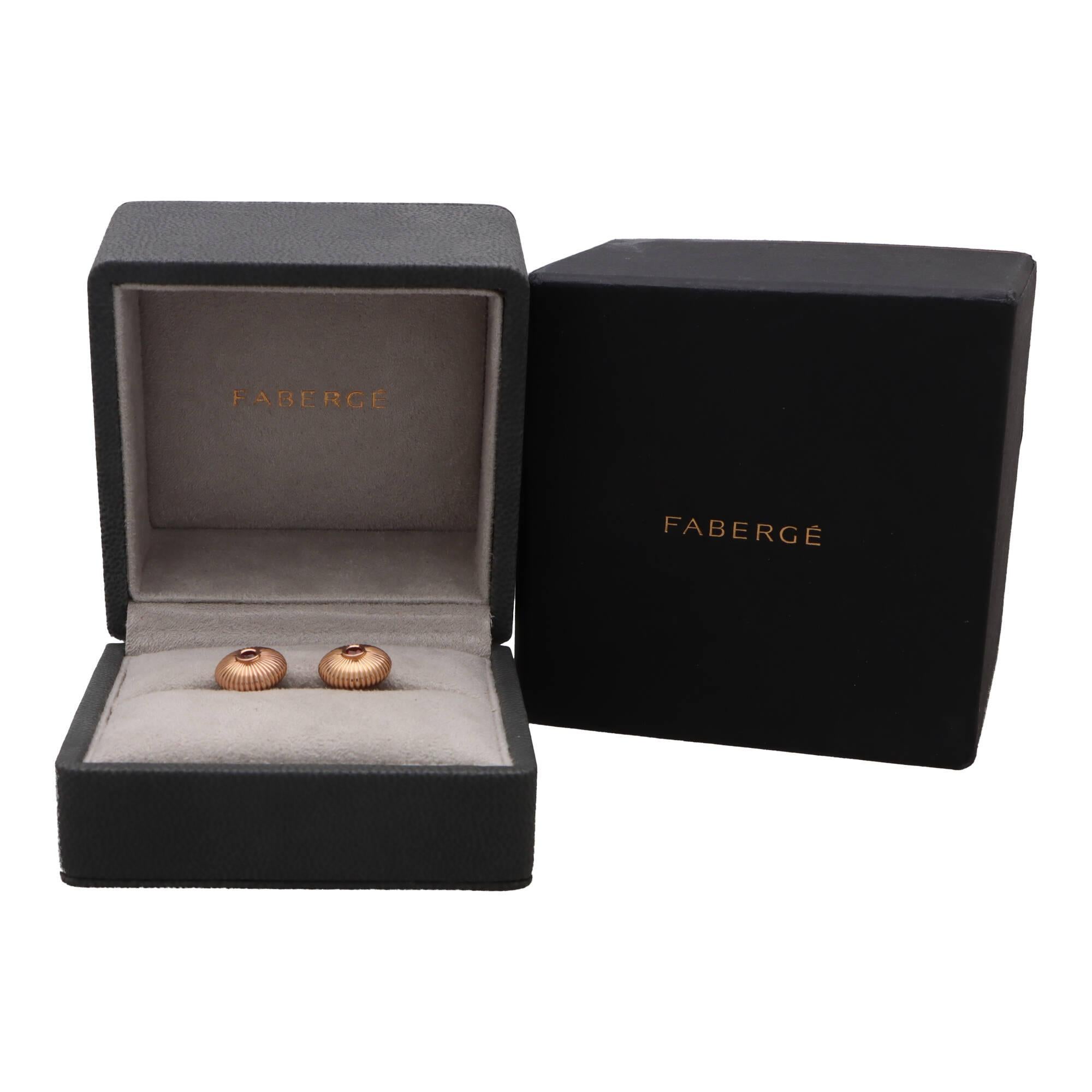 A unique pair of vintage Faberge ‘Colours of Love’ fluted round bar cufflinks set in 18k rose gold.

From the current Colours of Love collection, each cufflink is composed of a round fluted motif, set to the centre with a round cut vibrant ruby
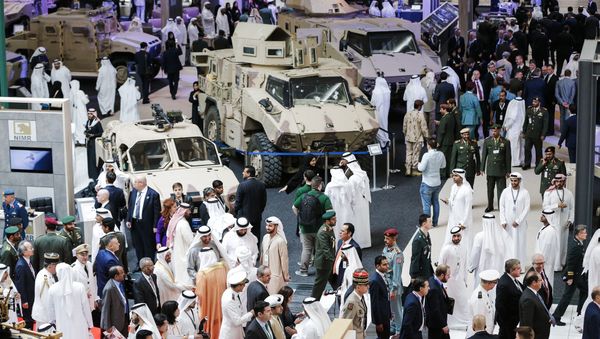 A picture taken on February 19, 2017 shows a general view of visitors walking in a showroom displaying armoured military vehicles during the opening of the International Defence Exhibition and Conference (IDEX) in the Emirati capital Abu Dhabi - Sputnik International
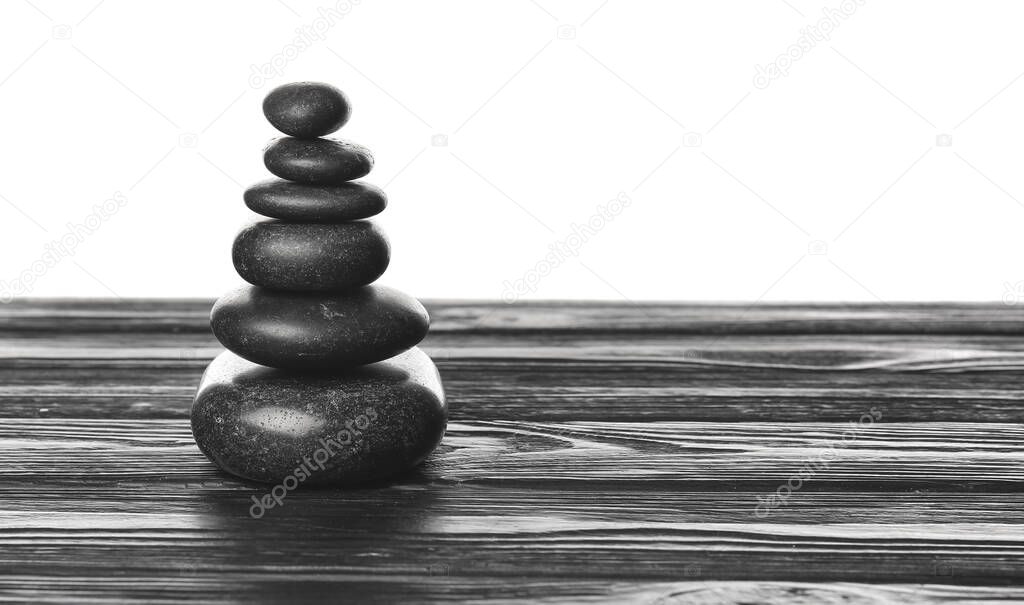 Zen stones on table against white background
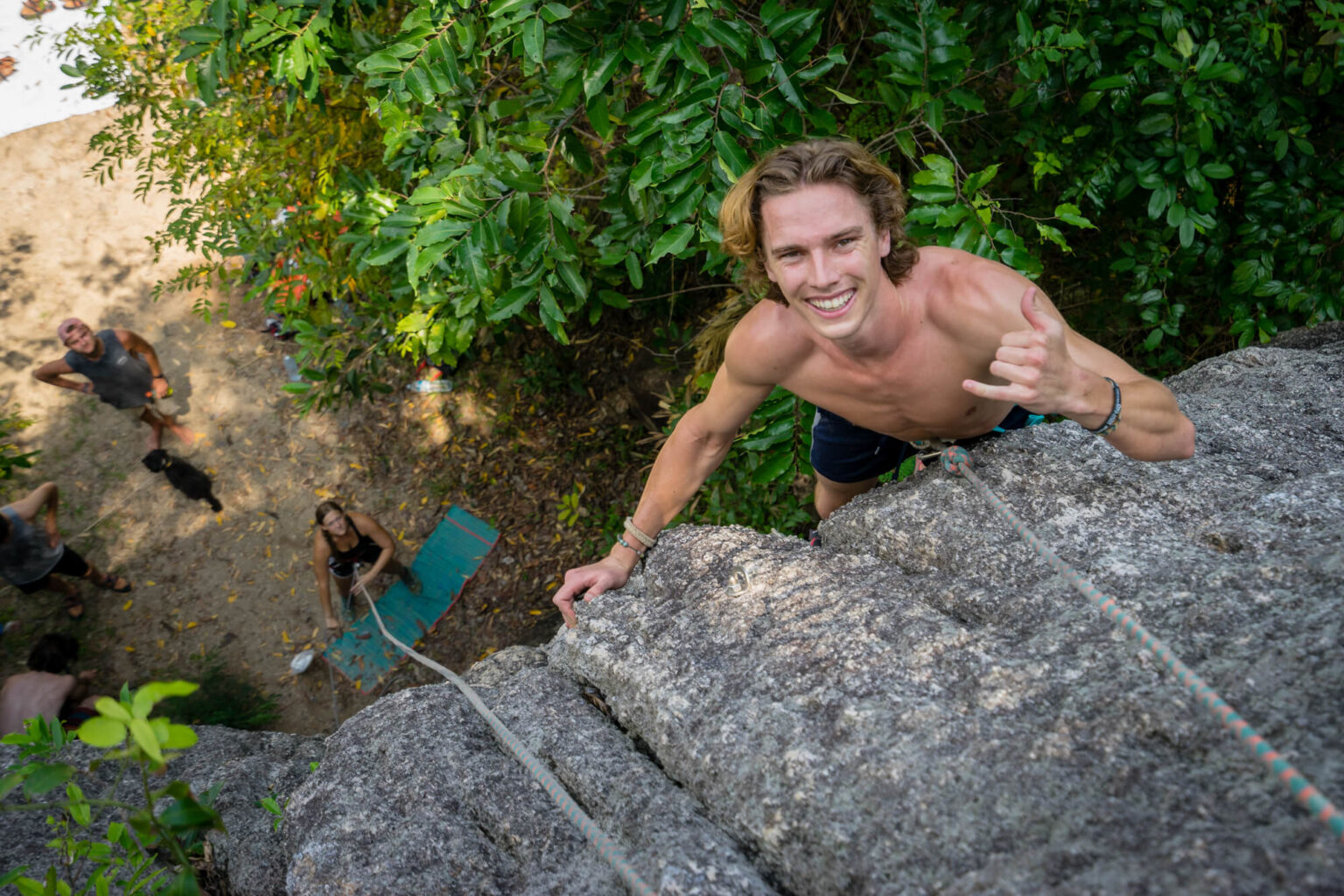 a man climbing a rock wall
...
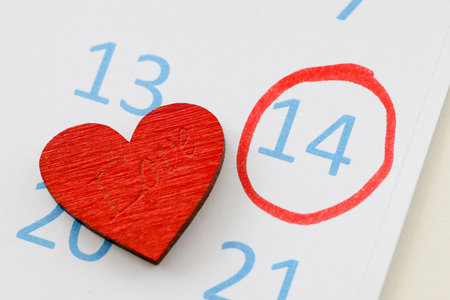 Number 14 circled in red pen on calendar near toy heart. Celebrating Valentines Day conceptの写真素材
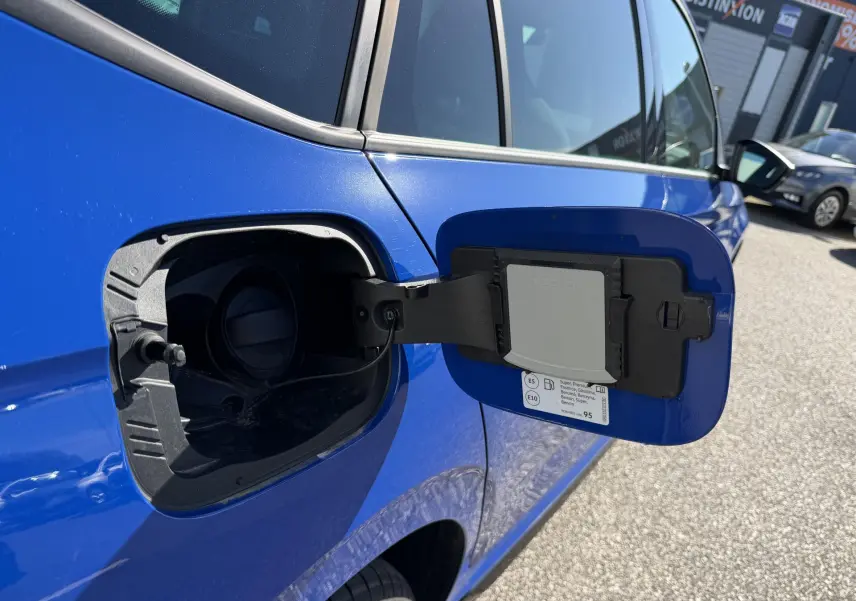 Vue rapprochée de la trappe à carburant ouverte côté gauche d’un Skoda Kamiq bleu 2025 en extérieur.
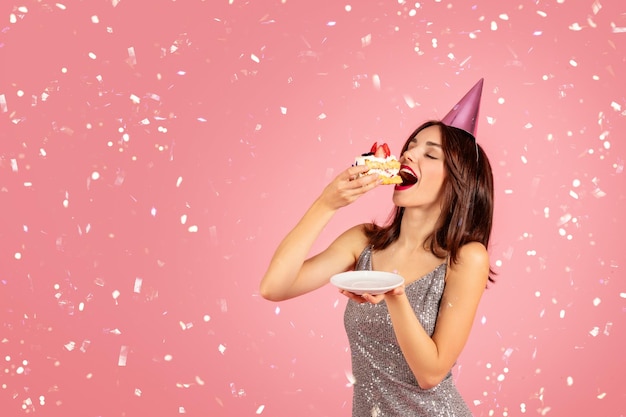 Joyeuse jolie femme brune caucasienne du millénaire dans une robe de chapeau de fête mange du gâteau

EXERCISE DESCRIPTION
Pictures in the entries do not go into the copy. Print only the lines starting at the one containing "From the current" and ending at the one containing "a man climbing a rock wall", exactly as they appear.

SOLUTION TO THIS PROBLEM
From the current Colours of Love collection, each cufflink is composed of a round fluted motif, set to the centre with a round cut vibrant ruby
 A picture taken on February 19, 2017 shows a general view of visitors walking in a showroom displaying armoured military vehicles during the opening of the International Defence Exhibition and Conference (IDEX) in the Emirati capital Abu Dhabi - Sputnik International
 Zen stones on table against white background
 a man climbing a rock wall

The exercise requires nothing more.